*** Opening of Records shown ***
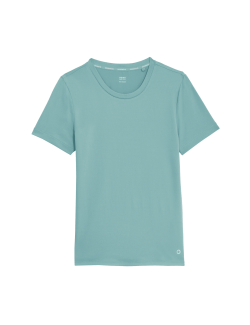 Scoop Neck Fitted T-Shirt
*** Close of Records shown ***
*** Opening of Records shown ***
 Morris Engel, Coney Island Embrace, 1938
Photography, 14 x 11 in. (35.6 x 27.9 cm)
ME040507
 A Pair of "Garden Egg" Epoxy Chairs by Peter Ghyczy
*** Close of Records shown ***
Directions for this task = Go through the listing above and write out exactly the lines starting with the one holding "Morris Engel, Coney Island Embrace, 1938" and running through the one holding "by Peter Ghyczy", ends included, and no others.

Your solution =
 Morris Engel, Coney Island Embrace, 1938
Photography, 14 x 11 in. (35.6 x 27.9 cm)
ME040507
 A Pair of "Garden Egg" Epoxy Chairs by Peter Ghyczy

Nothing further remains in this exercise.